Thursday, November 22, 2007


What is with some women and their “E’s”?

This one isn’t a mother—she is a mommy.

That one doesn’t have a spouse or a husband—she has a hubby.

Recipes are yummy. That fine actor in TV is a hottie. We want to eat enough veggies.

It makes me rather scream-y.

I realize that E is the most common letter in the alphabet, but can we please do away with the cutesy dialect? Why on Earth is it necessary for women to talk like Betty Boop? Why is this a good thing? If our men piped up with these affectations, we’d be appalled. At what point do we stop talking like sixth graders and start speaking like adults?

Just a few minutes after I began these musings, I sat down in the living room to read a cookbook to find some quick recipes. I have watched Rachael Ray once or twice while visiting someone in the hospital, but she, quite frankly, is too energetic for me. If I bounced around in the kitchen like that, with the flames and hot liquids and sharp objects, I would end up back at that hospital, this time in the ER.

However, the woman is nothing if not coordinated, and she can cook, and I do appreciate her efforts to make food prep accessible to all of us. Unfortunately, it took me a while to determine what EVOO was…some newfangled substance? By-products of the emu? I started cooking at age seven, and even though I don’t live in a metro area, we do have supermarkets here, and I had never encountered EVOO.

As it turns out, I had, just not with that nickname.

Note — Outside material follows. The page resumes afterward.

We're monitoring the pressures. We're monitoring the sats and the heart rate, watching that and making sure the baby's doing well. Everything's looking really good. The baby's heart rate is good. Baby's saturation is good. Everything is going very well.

And then…and then…I reached the section on “stoups.” Now bear in mind, I cut my cooking show teeth on Julia Child and her French verbiage, but this one was new to me.

When I hit the chapter where we were making “sammies,” I realized I was somewhere along the line destined to fight a losing battle. However, until I run out of strength, this non-foodie mommy will not be eating yummy sammies and veggies with her hottie hubby.

Wednesday, November 21, 2007

The best part of waking up

My husband is a coffee drinker, and he has been addicted to the stuff since he was in fifth grade. I, on the other hand, never drank coffee until I was well into my twenties and only started with caffeine when I went to college and started my job at 4:24 a.m. As in dark o'thirty.

When I arrive at work, every morning, I usually am the one to brew the decaf, and it is generally my intention to drink only decaf that day. However, the spirit is willing, but this ample working mom flesh is not just weak, it is flat-out pooped. Some people spike their coffee with cream, some with liquor, but I spike mine with regular coffee. Who am I kidding? Recently I realized that there should be a recovery program for people like me, people who wonder if mainlining caffeine might not be a viable option.